Donald Trump’s businesses have been found guilty of tax fraud, in a significant victory for Manhattan prosecutors who pursued the only criminal case against the former US president’s empire even as he launched a third bid for the White House.
A New York jury on Tuesday convicted The Trump Organization — whose entities had been charged with illegally reducing the tax it paid on executive pay by awarding top managers “off the books” perks — on all 17 counts following a trial that began October 31.
“The former president’s companies now stand convicted of crimes. That is consequential, it underscores that in Manhattan we have standard of justice for all,” Manhattan district attorney Alvin Bragg told reporters immediately after the unanimous verdict.
The decision is the third big defeat for Donald Trump or his businesses in the space of a few weeks, after the US Supreme Court ordered his taxes to be handed to a congressional committee and an appeals court rejected the former president’s request for a special master to review documents gathered in an FBI search of his Mar-a-Lago home.

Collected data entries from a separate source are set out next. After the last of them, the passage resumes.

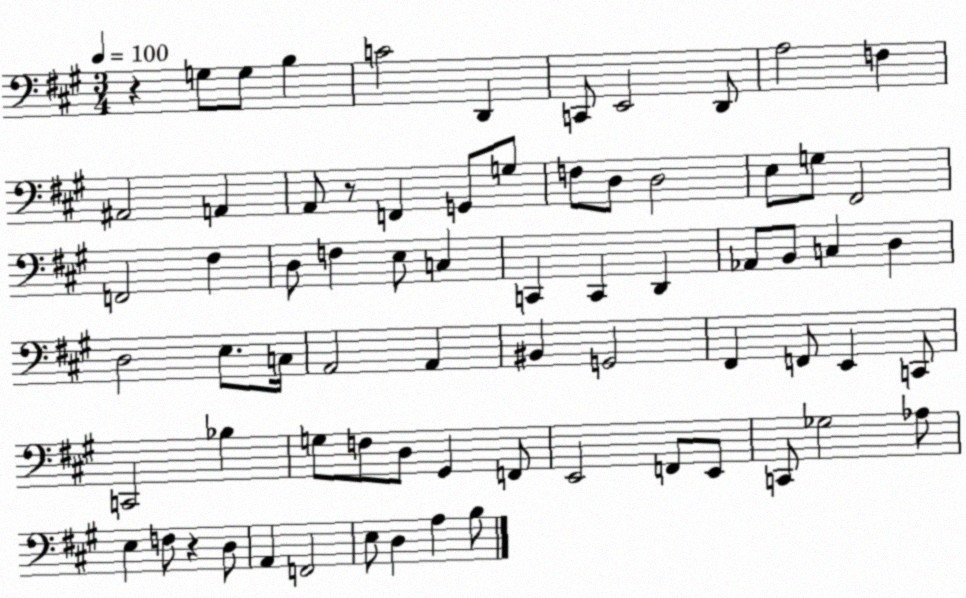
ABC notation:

X:1
T:Untitled
M:3/4
L:1/4
K:A
z G,/2 G,/2 B, C2 D,, C,,/2 E,,2 D,,/2 A,2 F, ^A,,2 A,, A,,/2 z/2 F,, G,,/2 G,/2 F,/2 D,/2 D,2 E,/2 G,/2 ^F,,2 F,,2 ^F, D,/2 F, E,/2 C, C,, C,, D,, _A,,/2 B,,/2 C, D, D,2 E,/2 C,/4 A,,2 A,, ^B,, G,,2 ^F,, F,,/2 E,, C,,/2 C,,2 _B, G,/2 F,/2 D,/2 ^G,, F,,/2 E,,2 F,,/2 E,,/2 C,,/2 _G,2 _A,/2 E, F,/2 z D,/2 A,, F,,2 E,/2 D, A, B,/2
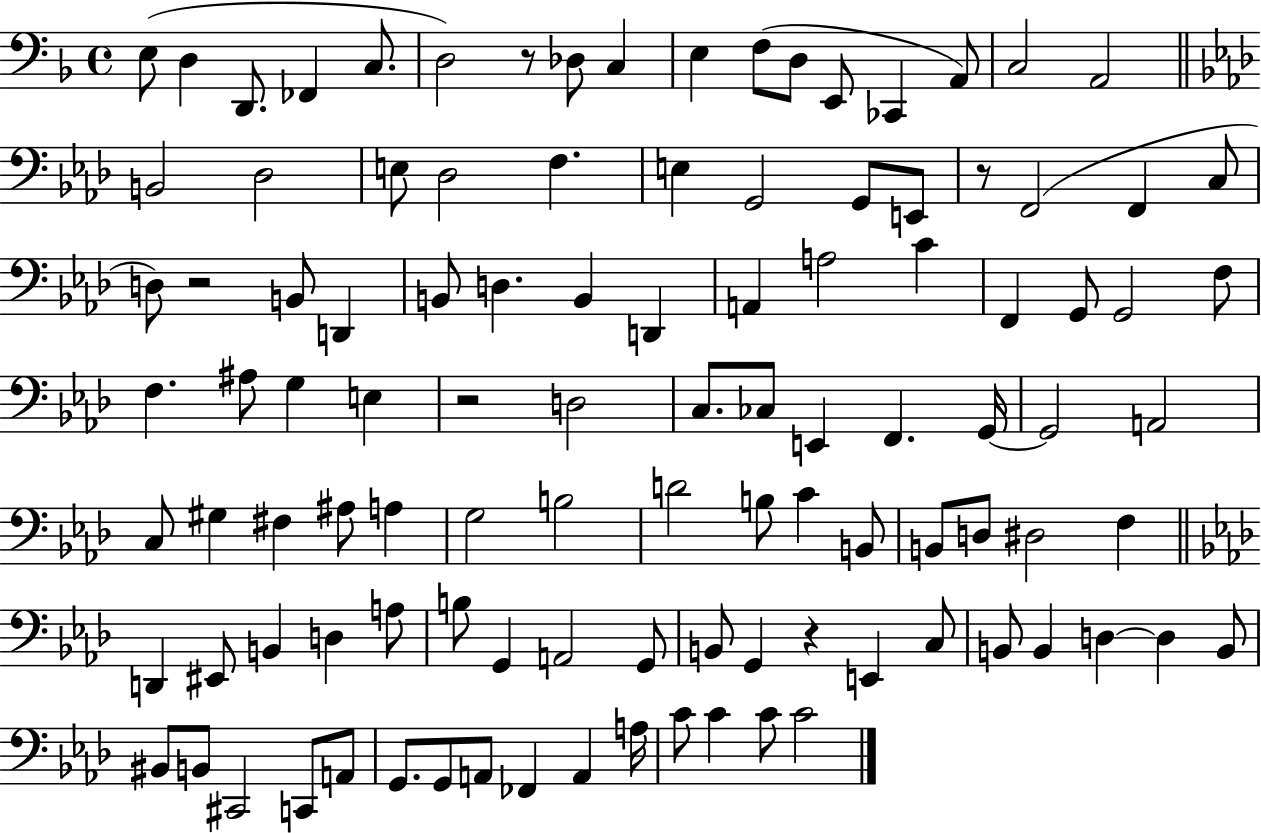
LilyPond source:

{
  \clef bass
  \time 4/4
  \defaultTimeSignature
  \key f \major
  e8( d4 d,8. fes,4 c8. | d2) r8 des8 c4 | e4 f8( d8 e,8 ces,4 a,8) | c2 a,2 | \break \bar "||" \break \key aes \major b,2 des2 | e8 des2 f4. | e4 g,2 g,8 e,8 | r8 f,2( f,4 c8 | \break d8) r2 b,8 d,4 | b,8 d4. b,4 d,4 | a,4 a2 c'4 | f,4 g,8 g,2 f8 | \break f4. ais8 g4 e4 | r2 d2 | c8. ces8 e,4 f,4. g,16~~ | g,2 a,2 | \break c8 gis4 fis4 ais8 a4 | g2 b2 | d'2 b8 c'4 b,8 | b,8 d8 dis2 f4 | \break \bar "||" \break \key f \minor d,4 eis,8 b,4 d4 a8 | b8 g,4 a,2 g,8 | b,8 g,4 r4 e,4 c8 | b,8 b,4 d4~~ d4 b,8 | \break bis,8 b,8 cis,2 c,8 a,8 | g,8. g,8 a,8 fes,4 a,4 a16 | c'8 c'4 c'8 c'2 | \bar "|."
}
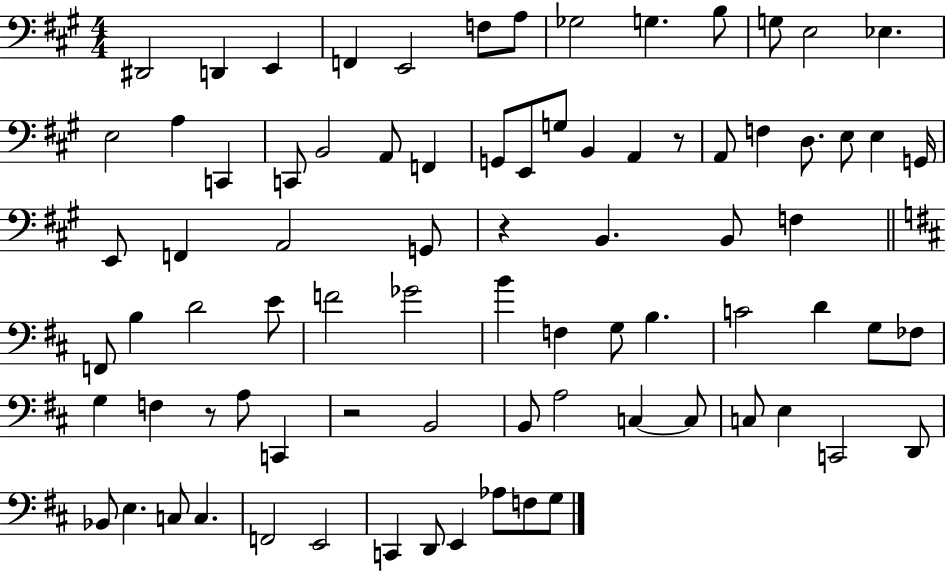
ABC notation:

X:1
T:Untitled
M:4/4
L:1/4
K:A
^D,,2 D,, E,, F,, E,,2 F,/2 A,/2 _G,2 G, B,/2 G,/2 E,2 _E, E,2 A, C,, C,,/2 B,,2 A,,/2 F,, G,,/2 E,,/2 G,/2 B,, A,, z/2 A,,/2 F, D,/2 E,/2 E, G,,/4 E,,/2 F,, A,,2 G,,/2 z B,, B,,/2 F, F,,/2 B, D2 E/2 F2 _G2 B F, G,/2 B, C2 D G,/2 _F,/2 G, F, z/2 A,/2 C,, z2 B,,2 B,,/2 A,2 C, C,/2 C,/2 E, C,,2 D,,/2 _B,,/2 E, C,/2 C, F,,2 E,,2 C,, D,,/2 E,, _A,/2 F,/2 G,/2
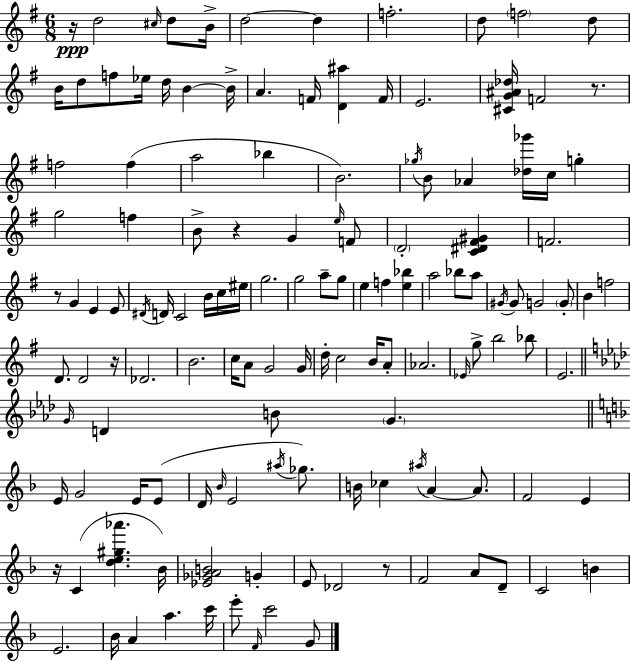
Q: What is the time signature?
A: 6/8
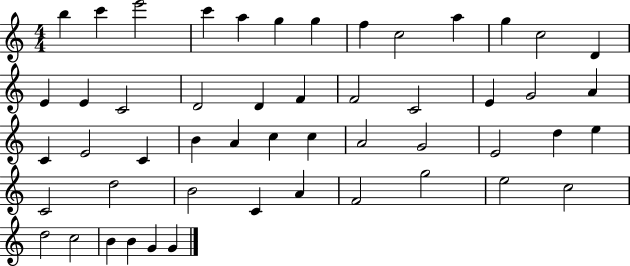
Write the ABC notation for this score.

X:1
T:Untitled
M:4/4
L:1/4
K:C
b c' e'2 c' a g g f c2 a g c2 D E E C2 D2 D F F2 C2 E G2 A C E2 C B A c c A2 G2 E2 d e C2 d2 B2 C A F2 g2 e2 c2 d2 c2 B B G G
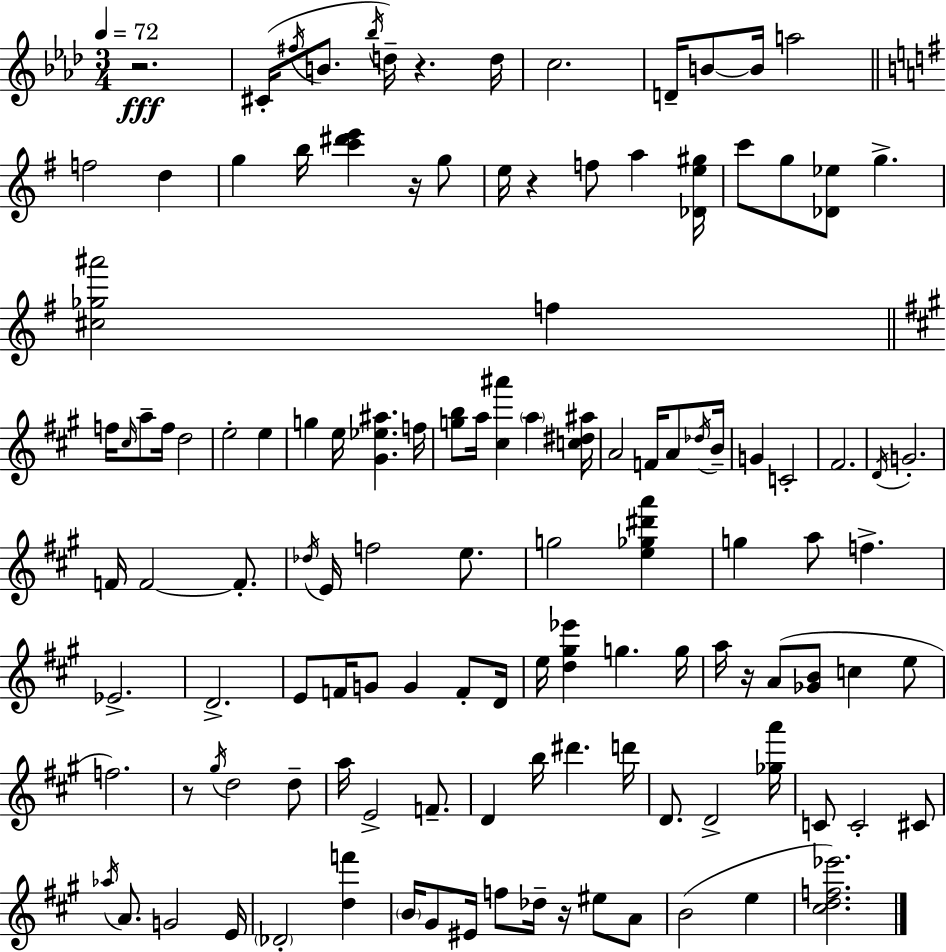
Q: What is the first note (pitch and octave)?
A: C#4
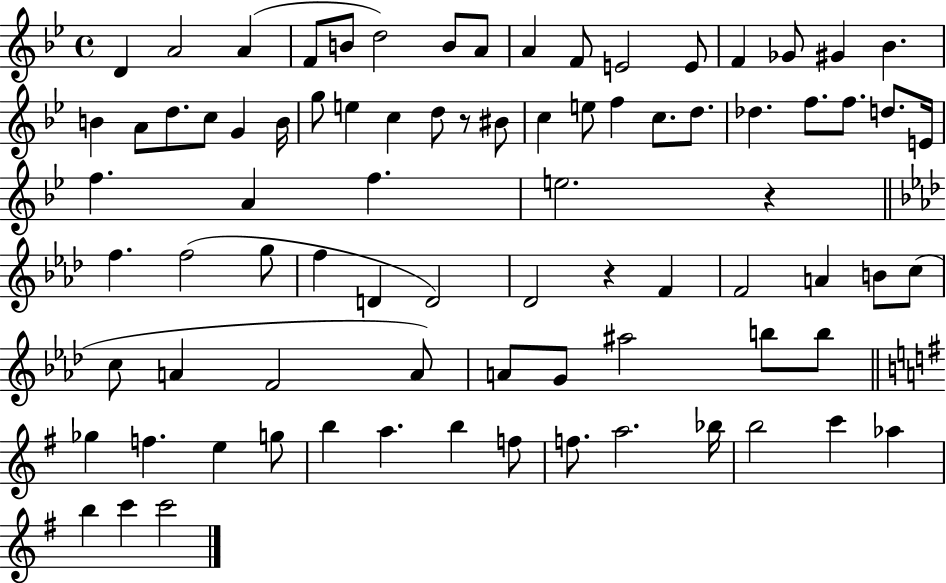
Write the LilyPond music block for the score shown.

{
  \clef treble
  \time 4/4
  \defaultTimeSignature
  \key bes \major
  d'4 a'2 a'4( | f'8 b'8 d''2) b'8 a'8 | a'4 f'8 e'2 e'8 | f'4 ges'8 gis'4 bes'4. | \break b'4 a'8 d''8. c''8 g'4 b'16 | g''8 e''4 c''4 d''8 r8 bis'8 | c''4 e''8 f''4 c''8. d''8. | des''4. f''8. f''8. d''8. e'16 | \break f''4. a'4 f''4. | e''2. r4 | \bar "||" \break \key aes \major f''4. f''2( g''8 | f''4 d'4 d'2) | des'2 r4 f'4 | f'2 a'4 b'8 c''8( | \break c''8 a'4 f'2 a'8) | a'8 g'8 ais''2 b''8 b''8 | \bar "||" \break \key g \major ges''4 f''4. e''4 g''8 | b''4 a''4. b''4 f''8 | f''8. a''2. bes''16 | b''2 c'''4 aes''4 | \break b''4 c'''4 c'''2 | \bar "|."
}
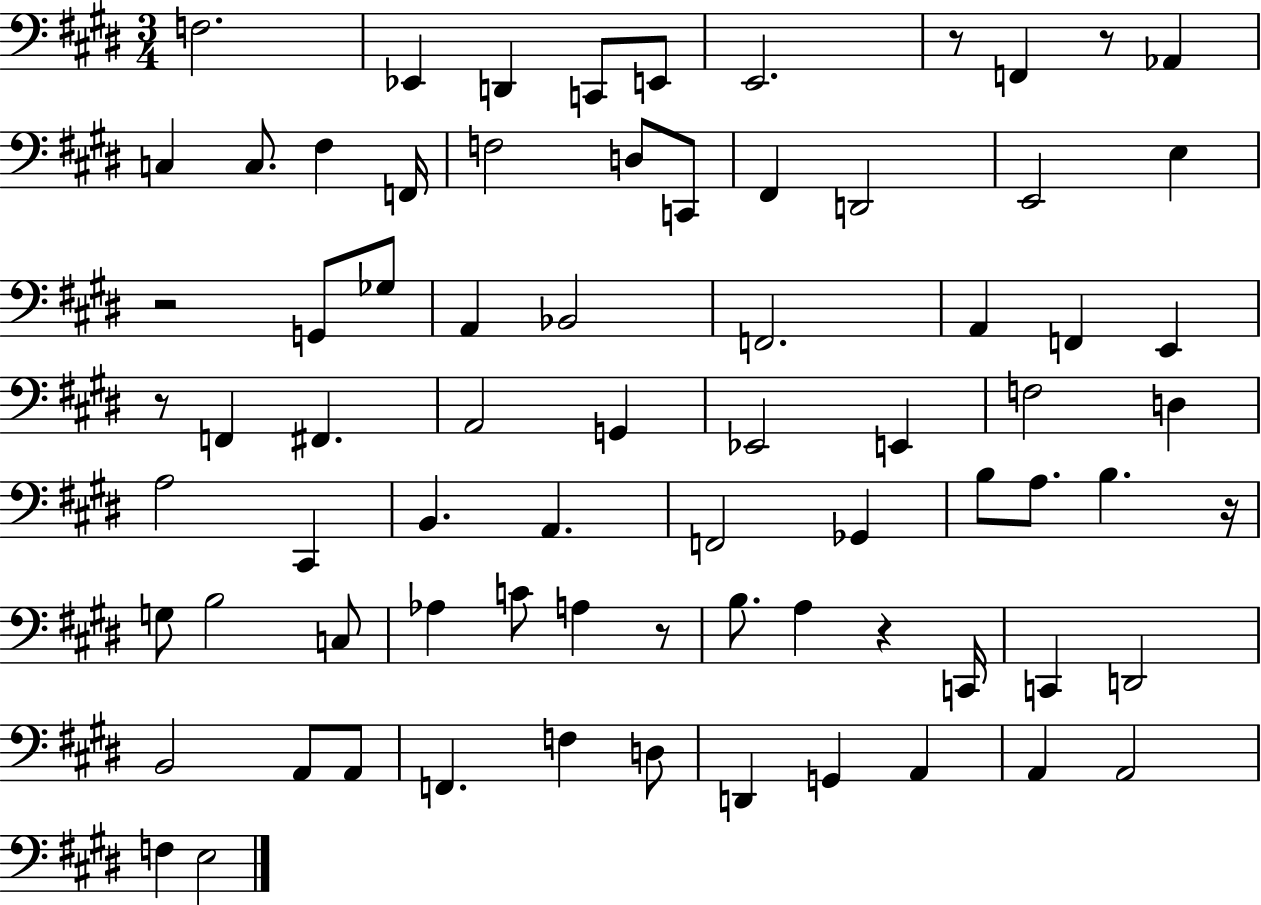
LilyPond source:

{
  \clef bass
  \numericTimeSignature
  \time 3/4
  \key e \major
  f2. | ees,4 d,4 c,8 e,8 | e,2. | r8 f,4 r8 aes,4 | \break c4 c8. fis4 f,16 | f2 d8 c,8 | fis,4 d,2 | e,2 e4 | \break r2 g,8 ges8 | a,4 bes,2 | f,2. | a,4 f,4 e,4 | \break r8 f,4 fis,4. | a,2 g,4 | ees,2 e,4 | f2 d4 | \break a2 cis,4 | b,4. a,4. | f,2 ges,4 | b8 a8. b4. r16 | \break g8 b2 c8 | aes4 c'8 a4 r8 | b8. a4 r4 c,16 | c,4 d,2 | \break b,2 a,8 a,8 | f,4. f4 d8 | d,4 g,4 a,4 | a,4 a,2 | \break f4 e2 | \bar "|."
}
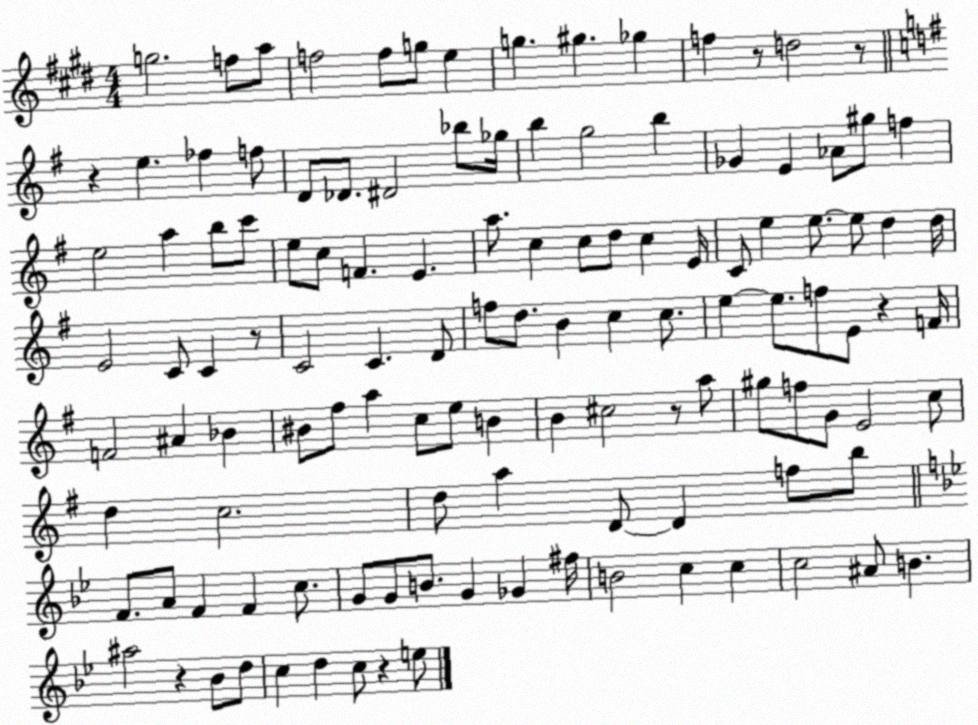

Trump also faces a civil case brought by the New York attorney-general Letitia James against him, his children and his businesses, which is set to go to trial in October 2023. A loss in that case could lead to fines in excess of $250mn.
“This verdict sends a clear message that no one, and no organisation, is above our laws,” James, whose office assisted the district attorney’s case, said in a statement.
The Manhattan case, originally brought by the district attorney’s office last summer, hinged upon the testimony given by The Trump Organization’s former chief financial officer Allen Weisselberg, who has worked for the Trump family in a number of roles since 1973.
Weisselberg pleaded guilty in August to defrauding tax authorities via a scheme that allowed him to receive $1.76mn in unreported income from Trump entities, in the form of a luxurious Upper West Side apartment, Mercedes cars and private tuition for his grandchildren.
He was promised a lenient sentence — five months of incarceration, albeit in the notoriously tough Rikers Island jail — on the condition that he testified truthfully in the trial against The Trump Organization.
Sentencing has been set for January 13. A lawyer for the Trump Organization said it plans to appeal.
Lawyers for the Trump businesses sought to establish that Weisselberg and The Trump Organization’s controller Jeffrey McConney, who also took the stand, acted alone, and that despite personally signing several cheques and leases, Trump was unaware of the tax fraud being committed by his closest lieutenants.
Under cross-examination, Weisselberg, 75, who is still on The Trump Organization’s payroll, fought back tears in earlier cross-examination as he appeared to corroborate that assertion, insisting it was his “greed” alone that had led him to keep the perks off his employer’s tax forms.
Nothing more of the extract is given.